The pressure applied to said two points must be higher than the load that the spring 17 can resist against, thereby causing the spring to be compressed and the two fluid passage ports to be precisely arranged facing one another. A dowel 19 is slidably engaged in a seat formed on the radial valve jacket, thereby providing a precisely guided sliding movement while preventing the two fluid passage holes or ports from being misaligned from one another.
Said seat has a size adapted to cause the sliding movement to occur in a given direction and with a given stroke.
The pressure difference is so designed based on the mechanical characteristics of the spring 17 and it must always sufficient to assure a full opening of the sliding valve 16, that is up to the end of stroke position of the dowel 19.
The radial clapet valve 15 remains in a closed position as the inner pressure and the fluid passage in an axial direction hold said valve in its seat.
Said valve is opened as the outer pressure is equal or higher than the inner pressure.
The sliding valve is opened only and exclusively when a pressure difference occurs between the two above inlet points and never under different conditions.
In fact, it is possible that in the gap between the well and rod a higher pressure occurs, and, accordingly, if a valve additional to the radial clapet valve were not provided, then said radial clapet valve would be opened in such conditions with the problems related to a situation of perforated rod.

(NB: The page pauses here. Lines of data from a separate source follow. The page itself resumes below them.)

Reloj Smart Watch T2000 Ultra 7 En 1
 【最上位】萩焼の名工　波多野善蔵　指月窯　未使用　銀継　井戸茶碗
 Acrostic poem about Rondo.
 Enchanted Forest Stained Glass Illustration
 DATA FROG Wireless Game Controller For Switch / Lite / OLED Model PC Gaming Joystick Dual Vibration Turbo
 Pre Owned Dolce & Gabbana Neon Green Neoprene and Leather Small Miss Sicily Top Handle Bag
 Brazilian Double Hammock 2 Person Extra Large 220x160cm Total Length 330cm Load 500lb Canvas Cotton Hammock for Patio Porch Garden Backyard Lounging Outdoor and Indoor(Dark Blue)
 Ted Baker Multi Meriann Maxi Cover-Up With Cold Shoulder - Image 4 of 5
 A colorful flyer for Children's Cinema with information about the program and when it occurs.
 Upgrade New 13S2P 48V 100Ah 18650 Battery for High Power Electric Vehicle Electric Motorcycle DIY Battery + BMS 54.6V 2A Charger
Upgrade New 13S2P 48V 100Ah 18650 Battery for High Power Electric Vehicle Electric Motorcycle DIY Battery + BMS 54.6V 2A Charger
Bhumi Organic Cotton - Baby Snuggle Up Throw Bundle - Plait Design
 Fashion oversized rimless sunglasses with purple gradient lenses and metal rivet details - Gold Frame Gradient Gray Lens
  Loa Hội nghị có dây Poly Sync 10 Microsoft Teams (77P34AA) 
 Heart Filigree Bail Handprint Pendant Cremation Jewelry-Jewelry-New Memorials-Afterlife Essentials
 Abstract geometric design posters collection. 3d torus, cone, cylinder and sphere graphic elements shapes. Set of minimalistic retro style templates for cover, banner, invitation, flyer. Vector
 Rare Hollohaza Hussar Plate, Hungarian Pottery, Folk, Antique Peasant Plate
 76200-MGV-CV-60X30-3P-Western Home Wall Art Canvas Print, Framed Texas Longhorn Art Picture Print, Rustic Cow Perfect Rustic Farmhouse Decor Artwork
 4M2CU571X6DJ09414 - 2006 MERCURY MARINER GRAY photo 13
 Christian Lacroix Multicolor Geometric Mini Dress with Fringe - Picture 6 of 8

On the contrary, by the sliding valve thus designed, such a possibility is prevented from occurring, and by a proper designing of the arrangement of the gaskets, even in a case of a leakage of the radial clapet valve, the drilling fluid would be prevented from leaking from inside to outside.
The bidirectional valve 1 comprises a recess on its outer body for housing the hydraulic clamp or clamping means 2 which are coupled through two gaskets 26 providing a hydraulic sealing on the valve outer body.
Said recess is so designed as to allow the clamping means to be closed only in a given position, thereby preventing the bottom pressure inlet 25 and radial fluid inlet channel 28 from being communicated.
Moreover, said recess does not allow the clamping means to be so applied as to cause the gasket to be overlapped on the radial outlet, thereby causing a pumping of the fluid outside the clamping means.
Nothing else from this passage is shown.